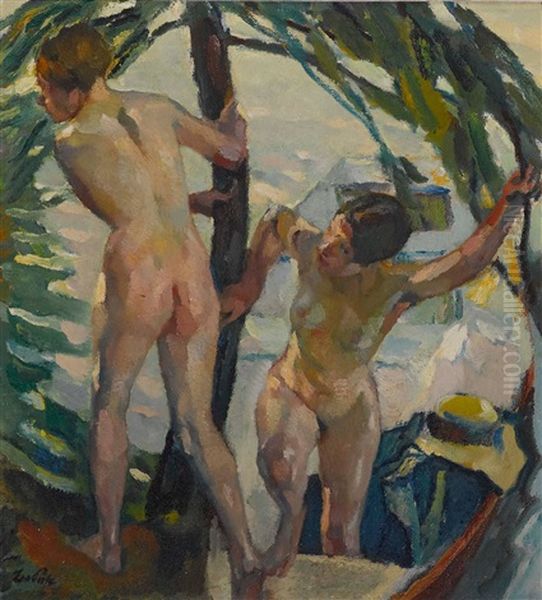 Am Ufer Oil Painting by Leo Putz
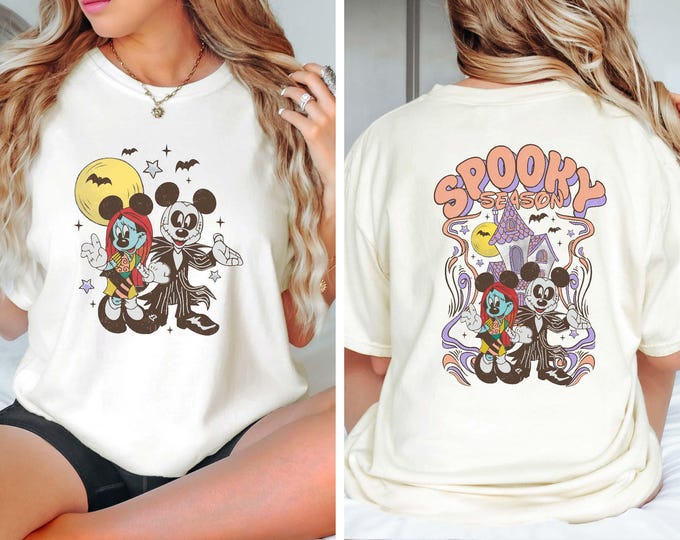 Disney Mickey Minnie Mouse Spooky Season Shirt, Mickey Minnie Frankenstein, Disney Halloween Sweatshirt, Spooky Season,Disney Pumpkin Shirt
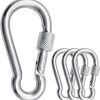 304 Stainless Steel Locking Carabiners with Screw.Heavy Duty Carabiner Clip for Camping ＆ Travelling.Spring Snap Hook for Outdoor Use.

══════

# The problem:
What is needed is a verbatim copy of the lines running from the one with "Disney Mickey Minnie" through the last line of the listing above, excluding any pictures.

# Solution for this exercise:
 Disney Mickey Minnie Mouse Spooky Season Shirt, Mickey Minnie Frankenstein, Disney Halloween Sweatshirt, Spooky Season,Disney Pumpkin Shirt
 304 Stainless Steel Locking Carabiners with Screw.Heavy Duty Carabiner Clip for Camping ＆ Travelling.Spring Snap Hook for Outdoor Use.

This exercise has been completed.